All these dudes speak at least two and sometimes three or four languages. The drivers from France and Denmark and Spain and Monaco and Germany and Finland and Brazil and Italy all do their interviews in English, and very good English, at that. The Brits and the Australians are kind of like us, so we aren’t alone in our monolinguality, but it is just comical to see these extremely talented people who are already so impressive at driving and managing the press also switch flawlessly between entire languages. I took like 8 years of French and my skills include “that fuckin’ r sound” and “saying French words really pretentiously in the middle of English speaking, i.e., Grands Prix.” Charles Leclerc, for example, is an infant who is allowed to drive a car worth a million dollars and can speak to Netflix about his emotions surrounding being partnered with a four-time world champion on the Ferrari team when at the Italian Grand Prix in English despite it being his third language after French and Italian.

It’s fine, go drive your little Hot Wheels or whatever, I’ll be over here resentfully pronouncing Lacroix as “lah-CWAH” and forgetting I’ve left the parking brake on

Cool thing number 3 about this show

The speed at which these drivers and teams do anything is also just staggering. Their average pit time is two seconds. TWO. SECONDS. I can’t even remember the last time I had a thought that only lasted two seconds, and these people take off one set of tires and put on another one in two goshdarn seconds. There’s a segment of the Mercedes episode where one of the cars is pitted for almost a minute, and the announcers are treating it like they’re announcing the Hindenberg crash. It sounds ridiculous until I remember that a minute is thirty times longer than the average, and that these races have gotten down to thousandths of a second, and a minute is basically the Hundred Years’ War being fought mid-race. Everything is fast, all of it, even these drivers with their little go-karts they drove as kids. When I was 12 I was an incompetent little doofus trying my best to not fall over when I got up from the dinner table. These kids get the keys to the rocket launcher.

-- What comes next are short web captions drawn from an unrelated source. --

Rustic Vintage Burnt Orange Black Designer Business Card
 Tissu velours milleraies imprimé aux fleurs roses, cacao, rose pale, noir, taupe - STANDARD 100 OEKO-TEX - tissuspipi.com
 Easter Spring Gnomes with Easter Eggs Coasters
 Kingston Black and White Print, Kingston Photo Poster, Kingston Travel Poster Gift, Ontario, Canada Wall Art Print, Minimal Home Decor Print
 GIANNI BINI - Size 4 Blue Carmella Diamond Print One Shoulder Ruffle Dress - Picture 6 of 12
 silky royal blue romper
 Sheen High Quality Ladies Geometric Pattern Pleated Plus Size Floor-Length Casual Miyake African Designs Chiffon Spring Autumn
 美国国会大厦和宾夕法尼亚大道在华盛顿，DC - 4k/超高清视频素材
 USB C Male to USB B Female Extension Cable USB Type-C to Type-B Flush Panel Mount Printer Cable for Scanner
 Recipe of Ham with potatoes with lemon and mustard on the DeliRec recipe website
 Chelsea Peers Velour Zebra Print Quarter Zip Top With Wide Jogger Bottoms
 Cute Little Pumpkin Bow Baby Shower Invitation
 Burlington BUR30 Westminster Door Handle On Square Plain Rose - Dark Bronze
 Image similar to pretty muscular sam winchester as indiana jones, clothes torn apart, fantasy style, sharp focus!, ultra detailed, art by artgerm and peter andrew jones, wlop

Cool/mildly depressing thing? number 4 about this show

Not joking, they are all infants. Infants! One of the drivers that is winning all the time is 22 and he won the very first race he entered and he was EIGHTEEN. ONE. EIGHT. At 18 I tried to find a whole-ass cookout during college orientation and failed. This kid maneuvered a ground spaceship past 19 other ground spaceships in his first spacerace.

That kid I mentioned above, Leclerc? They have a scene with him and Sebastian Vettel, his Ferrari teammate, driving up to one of the races in the same car. Vettel, who is 32, my age, turns on music, and “Come Out and Play” by The Offspring comes on, and Leclerc has no idea who they are, and then I remembered he said his birth year earlier in the episode, and it’s 1997, and then I looked up the release date of the song, and “COME OUT AND PLAY” IS THREE YEARS OLDER THAN HE IS. I appreciated Vettel very much in that moment for lightly ribbing his teammate for not knowing anything because instead of a dried-up, irrelevant skeleton shouting “you gotta keep ’em separated!” I was a cool, relevant beacon of maturity like 4-times Formula One Champion Sebastian Vettel. And then I remembered that they were about to race against Max Verstappen, who made his Formula One debut at age 17, and then my decrepitude pulled me horizontal once again.

Yeah, watch the show

It’s interesting, it’s fun, it has soap opera levels of drama, it has guys you love to hate and guys you love to love, it has interviews, it has zoomies of the highest caliber, and you’ll be able to use it to make European friends, or something. I don’t know.

Stay safe, stay home, I’ll post another couple of things like this while we’re all trying our best.